Repeat every entry word for word; omit all pictures.

[Opening Exercise input section]

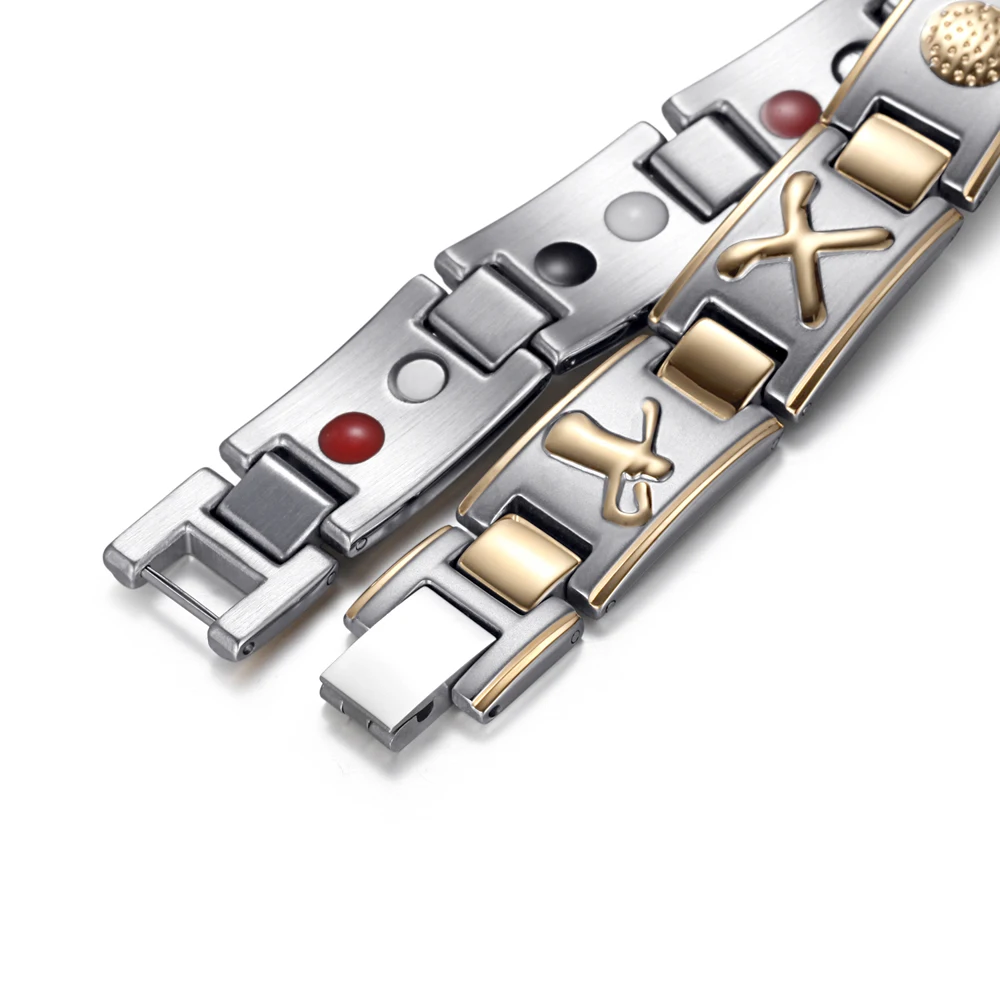 Welmag new fashion therapy bracelets for unisex stainless steel gold charm magnetic bracelet health care jewelry gift | Украшения и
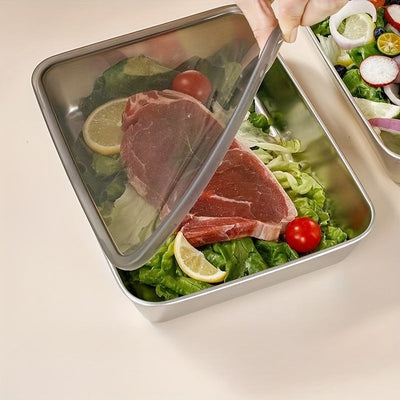 Juego de 3 contenedores de almacenamiento de alimentos de acero inoxidable con tapas negras, aptos para microondas, a prueba de fugas, reutilizables, forma cuadrada, cierre de tapa giratoria, uso múltiple, aptos para contacto con alimentos.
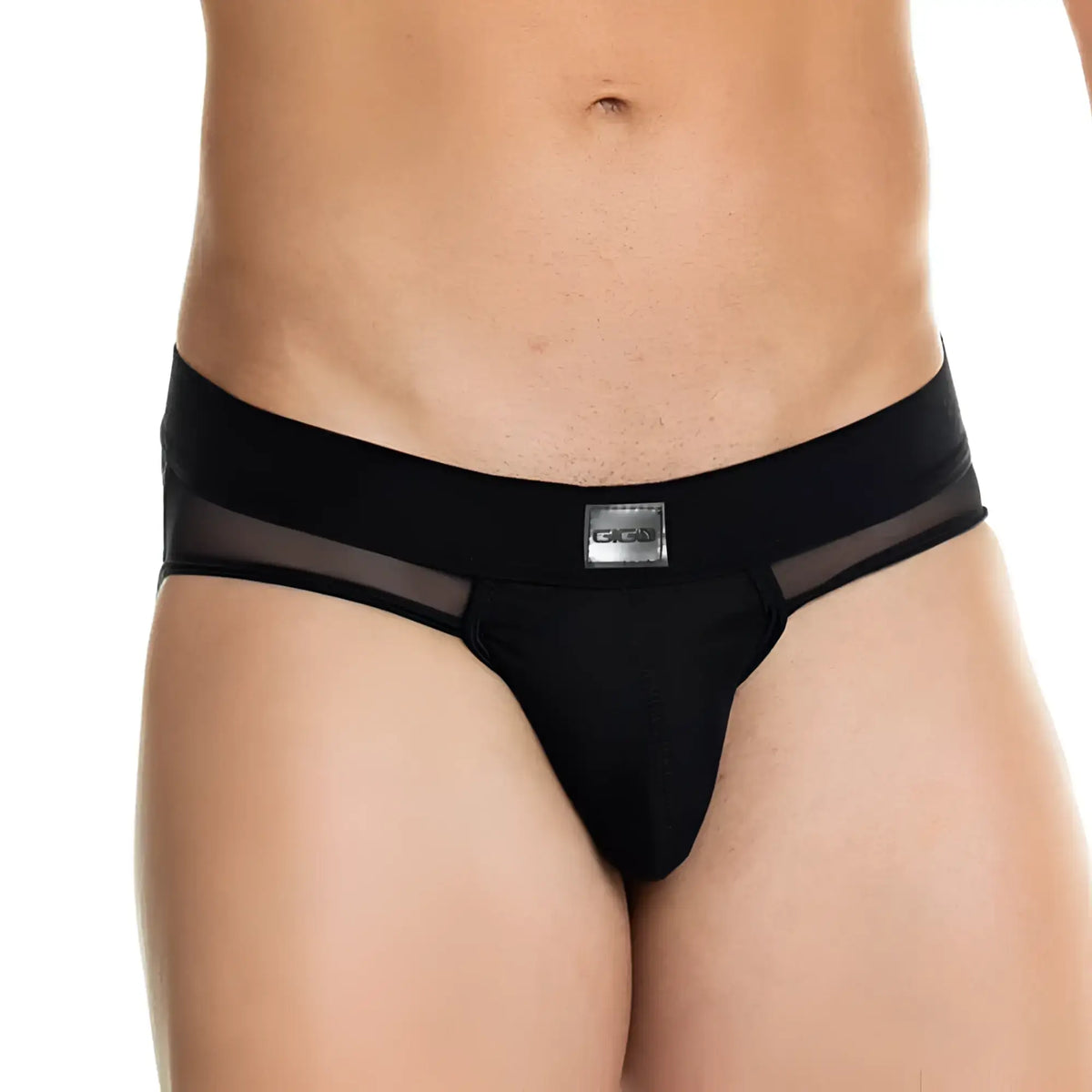 Black g-string briefs with a sheer mesh panel and silver logo tag from gigo skin black brief jockstrap collection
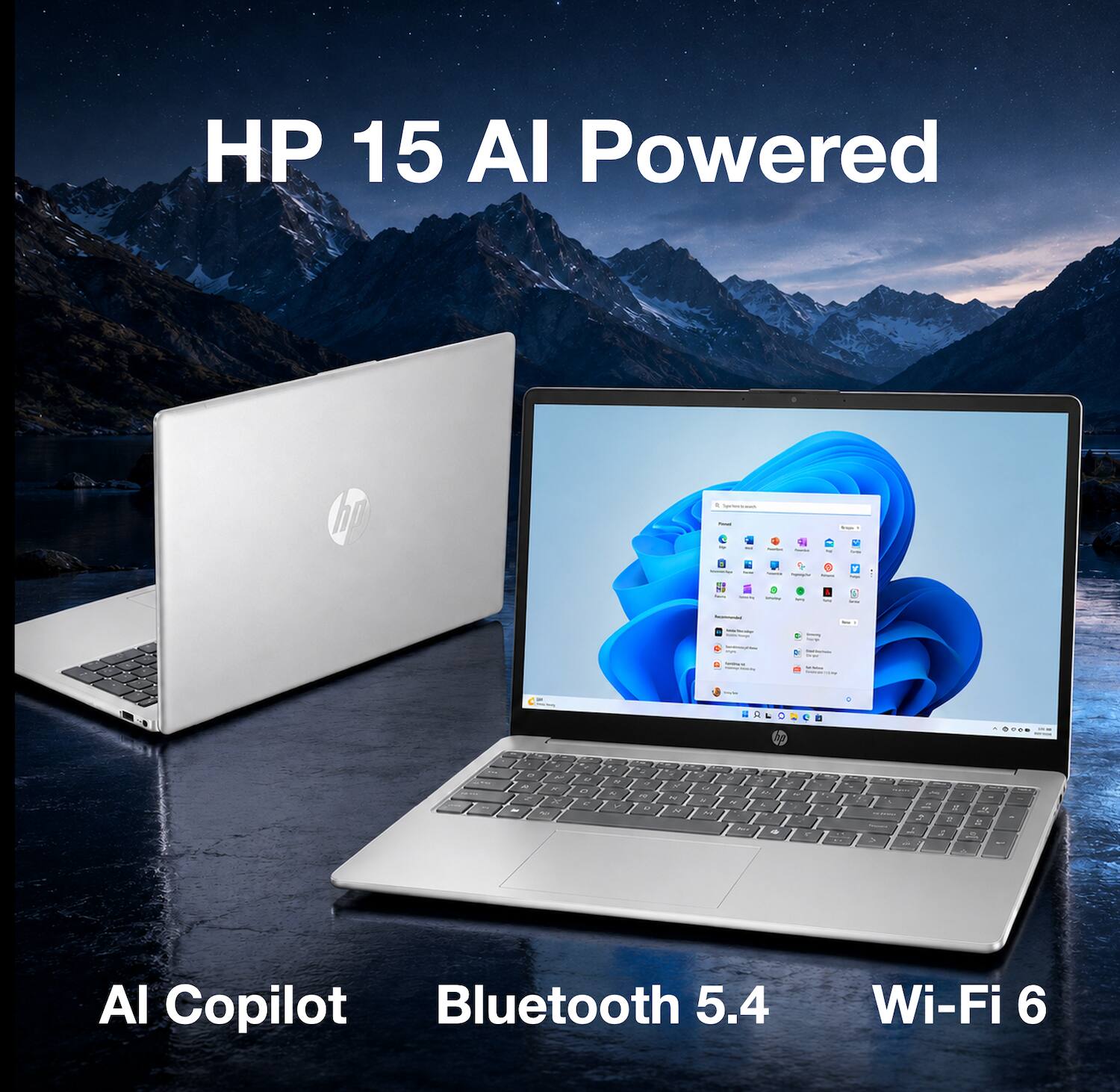 HP 15 AI Powered

AI Copilot
Bluetooth 5.4
Wi-Fi 6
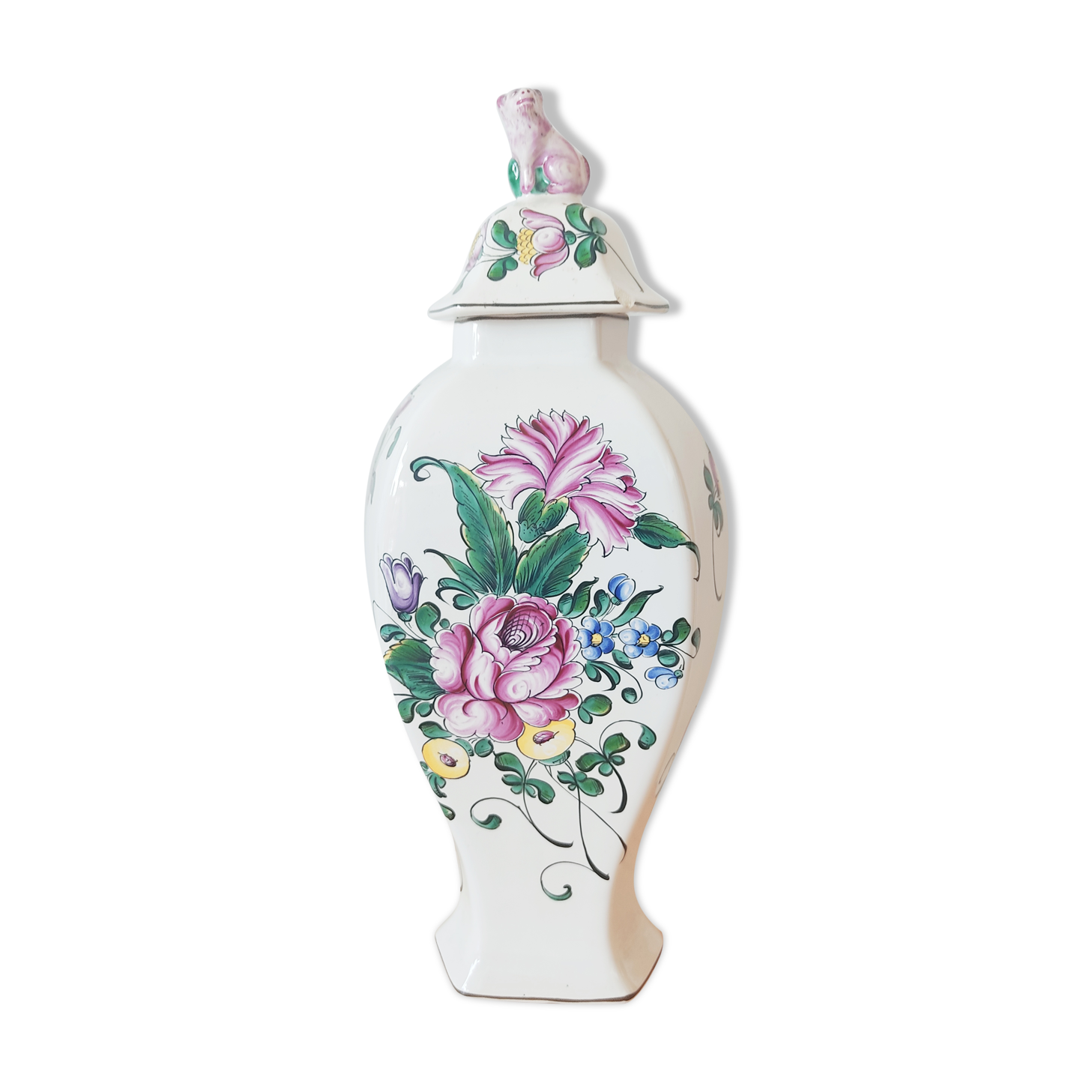 Vase décor hand painted flowers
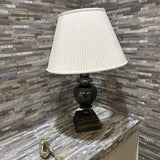 Mid Century Figural Pedestal Metal Lamp w/ Pleated Shade TABLE LAMP 18d28h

[Closing Exercise input section]

__Result of the exercise__.
 Welmag new fashion therapy bracelets for unisex stainless steel gold charm magnetic bracelet health care jewelry gift | Украшения и
 Juego de 3 contenedores de almacenamiento de alimentos de acero inoxidable con tapas negras, aptos para microondas, a prueba de fugas, reutilizables, forma cuadrada, cierre de tapa giratoria, uso múltiple, aptos para contacto con alimentos.
 Black g-string briefs with a sheer mesh panel and silver logo tag from gigo skin black brief jockstrap collection
 HP 15 AI Powered

AI Copilot
Bluetooth 5.4
Wi-Fi 6
 Vase décor hand painted flowers
 Mid Century Figural Pedestal Metal Lamp w/ Pleated Shade TABLE LAMP 18d28h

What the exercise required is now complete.